O dinheiro sempre foi
visto com ambivalência. O poeta e dramaturgo Almeida Garrett em As Viagens na Minha Terra perguntava
“Quantas almas é preciso dar ao diabo e quantos corpos se têm de entregar no
cemitério para fazer um rico neste mundo” “Andai, ganha-pães, andai; reduzi
tudo a cifras, todas as considerações deste mundo a equações de interesse
corporal, comprai, vendei, agiotai. No fim de tudo isto, o que lucrou a espécie
humana? Que há mais umas poucas dúzias de homens ricos. E eu pergunto aos
economistas políticos, aos moralistas, se já calcularam o número de indivíduos
que é forçoso condenar a miséria, ao trabalho desproporcionado, à
desmoralização, à infâmia, à ignorância crapulosa, à desgraça invencível, à
penúria absoluta, para produzir um rico?” “cada homem rico, abastado, custa
centos de infelizes, de miseráveis” e Camilo Castelo Branco, em “Onde está a
felicidade?”, respondia que a felicidade estava “debaixo de uma tábua onde se
encontram cento e cinquenta contos de réis”. O que poderia ter sido mais uma
frase para a campanha do finado Banco Privado.
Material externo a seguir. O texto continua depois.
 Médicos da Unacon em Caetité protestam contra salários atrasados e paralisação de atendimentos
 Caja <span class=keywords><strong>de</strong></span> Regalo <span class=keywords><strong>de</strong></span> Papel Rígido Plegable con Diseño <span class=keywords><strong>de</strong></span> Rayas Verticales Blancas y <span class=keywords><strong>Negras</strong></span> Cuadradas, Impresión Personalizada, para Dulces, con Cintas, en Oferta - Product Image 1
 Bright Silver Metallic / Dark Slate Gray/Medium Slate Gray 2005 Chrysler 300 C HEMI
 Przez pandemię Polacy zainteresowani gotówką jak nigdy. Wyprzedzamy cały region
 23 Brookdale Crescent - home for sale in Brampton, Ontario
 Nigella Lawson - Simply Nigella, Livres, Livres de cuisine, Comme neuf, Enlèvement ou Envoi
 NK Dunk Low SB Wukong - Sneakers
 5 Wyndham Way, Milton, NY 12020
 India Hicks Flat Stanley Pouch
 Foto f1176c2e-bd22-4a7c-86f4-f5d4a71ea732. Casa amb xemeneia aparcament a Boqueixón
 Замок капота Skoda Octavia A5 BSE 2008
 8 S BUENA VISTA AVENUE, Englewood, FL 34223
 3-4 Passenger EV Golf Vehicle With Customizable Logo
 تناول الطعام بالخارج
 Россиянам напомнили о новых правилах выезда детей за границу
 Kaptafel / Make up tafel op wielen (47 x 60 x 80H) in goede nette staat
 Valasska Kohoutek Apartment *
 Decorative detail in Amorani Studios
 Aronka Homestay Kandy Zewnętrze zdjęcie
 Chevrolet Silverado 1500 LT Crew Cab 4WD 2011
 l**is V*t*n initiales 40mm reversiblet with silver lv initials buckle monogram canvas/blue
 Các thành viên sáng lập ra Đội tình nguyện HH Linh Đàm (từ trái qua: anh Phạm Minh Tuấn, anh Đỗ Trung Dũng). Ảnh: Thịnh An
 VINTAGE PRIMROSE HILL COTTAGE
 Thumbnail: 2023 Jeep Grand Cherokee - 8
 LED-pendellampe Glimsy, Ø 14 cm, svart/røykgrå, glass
Ou então sugerem-se os versos de
João de Deus, em “Campo de Flores”: “O dinheiro é tão bonito,/tão bonito, o
maganão!/Tem tanta graça, o maldito,/Tem tanto chiste, o ladrão!/O falar, fala
de um modo.../ Todo ele, aquele todo.../E elas acham-no tão guapo!/Velhinha ou
moça que veja, / Por mais esquiva que seja,/Tlim!/ Papo”.
Da
literatura de Oitocentos a Pessoa
Segundo Alcino Pedrosa
em Os Empresários na Literatura Económica
Portuguesa de Finais de Oitocentos, “nas imagens mas correntes, o
empresário figura como o campeão dos valores propagados pela doutrina liberal,
como o defensor da liberdade de iniciativa, da limitação da intervenção do
Estado, como um indivíduo capaz de racionalmente ter uma conduta, que articule
os seus interesses pessoais com o bem-estar geral, gerando riqueza. Enfim, a
personificação por excelência do homo
economicus”. Acrescenta, “a ideia dominante na literatura económica deste
período é a do empresário como protagonista sem rival da racionalidade
económica. Dela resulta uma imagem do empresário como homem de sucesso (ou bem
sucedido), que constitui uma as características fundamentais da ideologia
económica a Regeneração”.
Como assinalou Maria
Filomena Mónica, os industriais (e porque não mesmo incluir os empresários
enquanto banqueiros, comerciantes) são figuras menores na literatura
portuguesa. São quase sempre retratados com feroz ironia, distanciado desprezo
ou então, como acontecia com os neo-realistas, como o símbolo do mal.
O industrial que numa
das obras de Eça de Queiróz, é Teodorico de A
Relíquia, vai trabalhar para uma fábrica de fiação na Pampulha depois de
ser expulso de casa pela tia. Torna-se industrial como castigo pela queda de um
anjo que afinal era um demónio. Em Alves
& Ca,
o comércio é o cenário para um enredo de paixão e traição. E Eça conheceu, em
casa de Ramalho Ortigão, o industrial João Burnay, que era o gestor da Empresa
Industrial Portuguesa, e que dizia que o seu único inimigo pessoal era Hegel.
O primeiro romance em
que a industrialização é o pano de fundo foi escrito por Abel Botelho. Em Amanhã surge um patrão da indústria
têxtil. O filho dos Carvalho Meireles faz uma fábrica no jardim do palácio e
explora sem uma ponta de vergonha e de comiseração os seus trabalhadores.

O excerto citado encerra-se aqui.